Felix Salmon laments that the standard of statistical literacy among journalists is appalling. He brings us this example about people who download music illegally:
About 95 percent of music downloads in 2010 were unlicensed and illegal, with no money flowing back to artists, songwriters or record producers, according to Alex Jacob, a spokesman for the International Federation of the Phonographic Industry. So riches could await a company that persuades some of these Internet scofflaws to change their ways.
He argues, rightfully, that the source makes the statistic (from an organization fighting against music piracy) hard to take seriously. He also feels that the number fails the "sniff test". Could it really be true that only 5% of the music are paid for? If the music market were to be say $10 billion today, then they are suggesting that the real market could be as high as 20 times that number, so $200 billion.
I left a comment on his blog to point out the craziness of the last sentence in the quote above, the delusion that if Bittorrent and other illegal download methods suddenly vanished, the online music revenues would jump 5-fold, 10-fold, etc. overnight. This is the same delusion that makes politicians/economists claim that we can solve our unemployment problem by giving our workforce more college degrees (in effect, shifting people from one bucket to a different bucket). I debunked that claim here.
The other point Felix made is well worth repeating: 95 percent of downloads is not the same as 95 percent of people doing downloads because a small number of people account for an outsized proportion of total downloads. Although Felix didn't state this directly - he assumed it in an example, it is most likely true that illegal downloaders are on average downloading many more songs than legal downloaders. For price is no barrier to the former group.
What this means is that if 95 percent of downloads were illegal, then the proportion of people who are illegal downloaders is likely to be considerably lower than 95 percent.
One final point: it is also foolhardy to bluntly divide the world into Illegals and Legals.

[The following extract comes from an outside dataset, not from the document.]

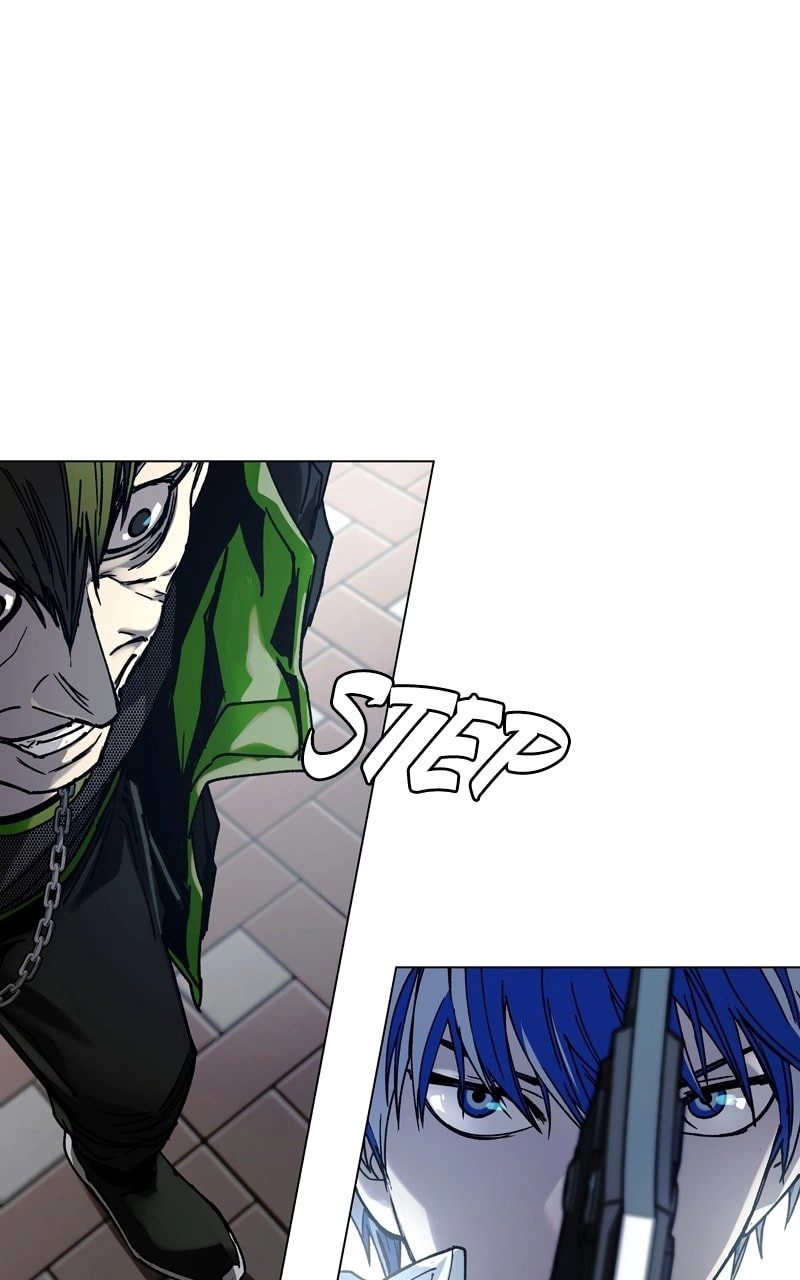 The End is a Game to Me1 Chapter 26 - Page 30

In statistics, we like to think there is a continuum with most people having done at least one illegal download, while perhaps most so-called Illegals have paid at least once for music downloads. So, if we want to do a proper analysis of this phenomenon, we should put a probability of downloading illegally on each individual, rather than assuming that each person is either an Illegal or a Legal, and not both.
Yes, this makes data analysis sounds complicated. It's easy to fall into the many traps. But there is only a small number of fundamental concepts, and once you understand those, you'll find them popping up everywhere.